La alta tasa de desempleo entre los jóvenes y otros colectivos, entre ellos los de trabajadores poco cualificados, ha llevado consigo un aumento considerable en la demanda de los distintos ciclos formativos que se imparten en nuestra comunidad y en particular en nuestra ciudad.
Justamente, ha sido esa necesidad de adaptarse al mercado laboral la que ha obligado a muchas personas a reciclarse, a formarse e incluso a cambiar de profesión o oficio.

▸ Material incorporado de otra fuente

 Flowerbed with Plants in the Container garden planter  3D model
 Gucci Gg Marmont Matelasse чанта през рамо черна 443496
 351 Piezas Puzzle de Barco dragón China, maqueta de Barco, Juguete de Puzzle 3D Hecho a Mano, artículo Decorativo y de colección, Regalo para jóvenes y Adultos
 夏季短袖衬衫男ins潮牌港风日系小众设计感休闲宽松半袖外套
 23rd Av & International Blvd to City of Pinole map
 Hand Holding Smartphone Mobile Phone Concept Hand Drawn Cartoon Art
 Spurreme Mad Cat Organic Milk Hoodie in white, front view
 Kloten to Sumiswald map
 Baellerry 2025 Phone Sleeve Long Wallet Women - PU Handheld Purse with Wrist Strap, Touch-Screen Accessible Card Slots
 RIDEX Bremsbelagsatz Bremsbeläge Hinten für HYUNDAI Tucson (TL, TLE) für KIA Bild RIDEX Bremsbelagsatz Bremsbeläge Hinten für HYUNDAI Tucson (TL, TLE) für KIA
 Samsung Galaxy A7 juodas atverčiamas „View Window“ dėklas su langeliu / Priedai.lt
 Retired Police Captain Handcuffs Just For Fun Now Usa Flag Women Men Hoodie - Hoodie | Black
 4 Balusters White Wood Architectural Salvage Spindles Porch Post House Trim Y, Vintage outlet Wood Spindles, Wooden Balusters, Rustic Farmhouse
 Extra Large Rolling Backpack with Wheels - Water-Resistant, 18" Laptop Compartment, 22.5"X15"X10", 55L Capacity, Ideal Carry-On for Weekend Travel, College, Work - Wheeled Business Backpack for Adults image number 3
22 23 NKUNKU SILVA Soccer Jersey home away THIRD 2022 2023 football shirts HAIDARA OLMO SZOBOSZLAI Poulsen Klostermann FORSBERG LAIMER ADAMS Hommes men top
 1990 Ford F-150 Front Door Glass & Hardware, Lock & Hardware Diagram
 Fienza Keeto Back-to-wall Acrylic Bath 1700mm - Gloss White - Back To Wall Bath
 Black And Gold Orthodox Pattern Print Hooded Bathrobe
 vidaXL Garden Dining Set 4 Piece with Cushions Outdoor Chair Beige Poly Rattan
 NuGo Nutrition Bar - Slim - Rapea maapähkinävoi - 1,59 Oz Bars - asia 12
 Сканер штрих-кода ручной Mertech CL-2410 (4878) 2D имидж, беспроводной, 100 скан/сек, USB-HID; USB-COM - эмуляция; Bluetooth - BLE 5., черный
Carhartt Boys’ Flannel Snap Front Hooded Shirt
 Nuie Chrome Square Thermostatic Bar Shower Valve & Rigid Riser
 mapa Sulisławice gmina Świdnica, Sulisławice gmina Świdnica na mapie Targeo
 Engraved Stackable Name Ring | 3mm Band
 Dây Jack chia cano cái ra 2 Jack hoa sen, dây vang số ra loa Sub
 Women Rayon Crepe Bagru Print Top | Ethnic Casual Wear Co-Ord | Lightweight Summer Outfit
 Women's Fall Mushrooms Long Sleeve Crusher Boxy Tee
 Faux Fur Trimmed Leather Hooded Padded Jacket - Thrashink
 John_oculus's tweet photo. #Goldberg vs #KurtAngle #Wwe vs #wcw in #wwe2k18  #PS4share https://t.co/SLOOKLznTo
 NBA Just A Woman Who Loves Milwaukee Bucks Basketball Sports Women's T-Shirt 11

La Consellería de Educación ante esta nueva situación ha regulado mediante el Decreto 114/2010 la Formación Profesional en Galicia, teniendo como objetivo fundamental dotar de una elevada cualificación y especialización al alumno-a para un ejercicio eficiente que le lleve a obtener, mantener o mejorar su puesto de trabajo.
A través del régimen ordinario o el de adultos, presencial o a distancia, se quiere acercar la formación profesional a todas aquellas personas que deseen obtener esa formación necesaria que les permita el acceso al mercado laboral, un mercado cada vez más exigente y competitivo.
La apuesta por la formación dual es primordial y fundamental porque permite compaginar esos conocimientos teóricos con prácticas en empresas facilitando a nuestros jóvenes el acceso al mundo laboral. Formación con experiencia. Este es nuestro objetivo.